EU ETS 2026: The Methane Question That's Changing Shipping Costs
The EU Emission Trading System (ETS) has reached a critical milestone. From January 2026, shipping companies must surrender allowances covering 100% of their CO₂e emissions on EU-related voyages—up from 70% in 2025. But the bigger story this year is the expansion of covered greenhouse gases to include methane (CH₄) and nitrous oxide (N₂O).
Why Methane Matters Now
Methane has a global warming potential approximately 28 times higher than CO₂ over a 100-year period. Nitrous oxide? Approximately 265 times more potent.
For carriers that have bet big on LNG as a transitional fuel, this creates a uncomfortable reality: while LNG-powered vessels emit less CO₂ than conventional heavy fuel oil, they face methane slip—uncombusted methane passing through the engine into the exhaust. Even a small slip rate can significantly erode LNG's climate benefit and, from 2026 onwards, directly increase compliance costs.

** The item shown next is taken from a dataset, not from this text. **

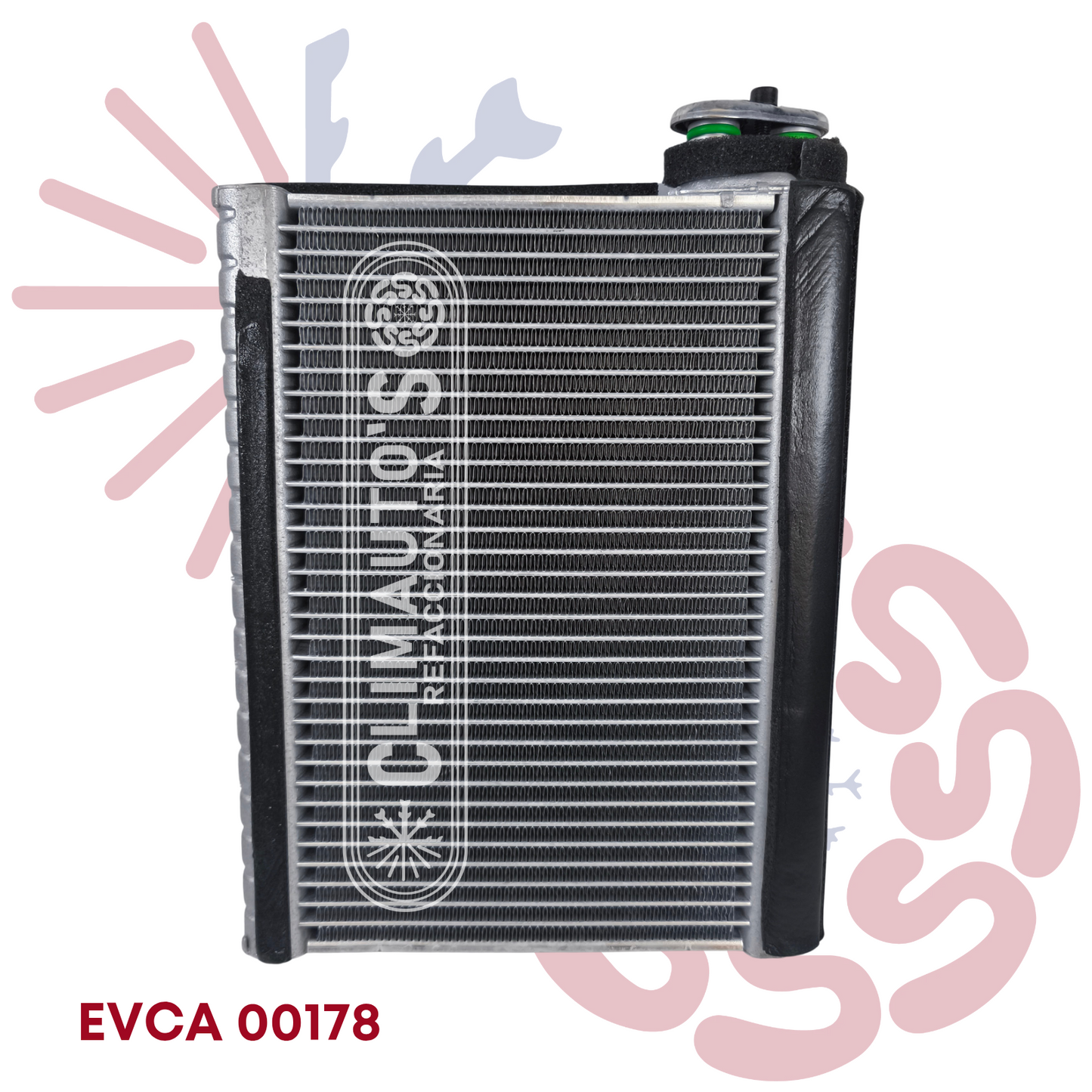 Evaporador Toyota Terios, Avanza Año 2008-2013
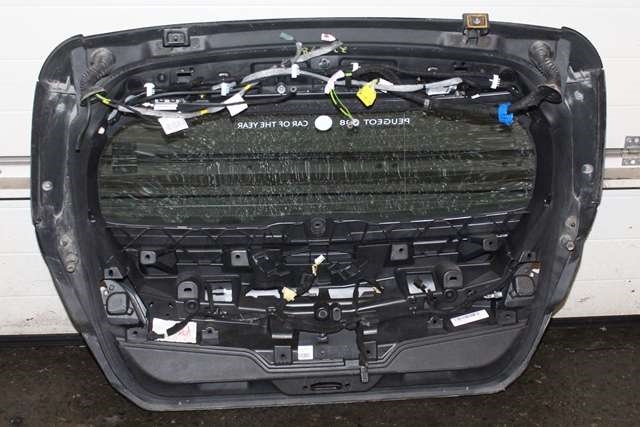 Bakluke combi til Peugeot 308 2013-2021 (Type II)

Carrier Strategies Diverging
The major carriers have taken markedly different approaches:
| Carrier | Primary Fuel | Forward Bet | Net-Zero Target |
|---|---|---|---|
| Maersk | Biofuels + grey methanol | Green methanol | 2040 |
| Hapag-Lloyd | LNG | Methanol (2028+) | 2045 |
| CMA CGM | LNG / biomethane | Methanol + ammonia | 2050 |
| ZIM | LNG (ammonia-ready) | Ammonia | 2050 |
| MSC | LNG | Multi-fuel | 2050 |
What Shippers Need to Know
The inclusion of methane and N₂O is a direct signal that fuel strategy is no longer just a carrier's ESG concern—it directly affects the surcharges you pay.
Carriers running large LNG fleets will face higher EU ETS surcharge exposure unless they can demonstrate low methane slip rates or offset with bio-LNG. Those operating on biofuels or green methanol face lower GHG intensity and potentially lower surcharges.
The opportunity: Shippers can now actively select carriers whose fuel strategy aligns with their own Scope 3 emissions targets.
The Infrastructure Gap
Here's the uncomfortable truth: all these strategic choices raise one fundamental question—will ports actually be able to deliver the fuel?
- LNG: Over 200 ports with bunkering facilities, but demand is outpacing supply
- Green Methanol: Only ~48 ports globally—well below what's needed
Key Takeaways
- 100% ETS coverage is now in effect for EU maritime voyages
- Methane slip is the new cost variable for LNG-powered vessels
- Carrier selection now has direct financial implications via ETS surcharges
- Fuel infrastructure remains the bottleneck for the energy transition
The message is clear: understanding fuel strategy isn't optional anymore—it's a compliance and cost imperative.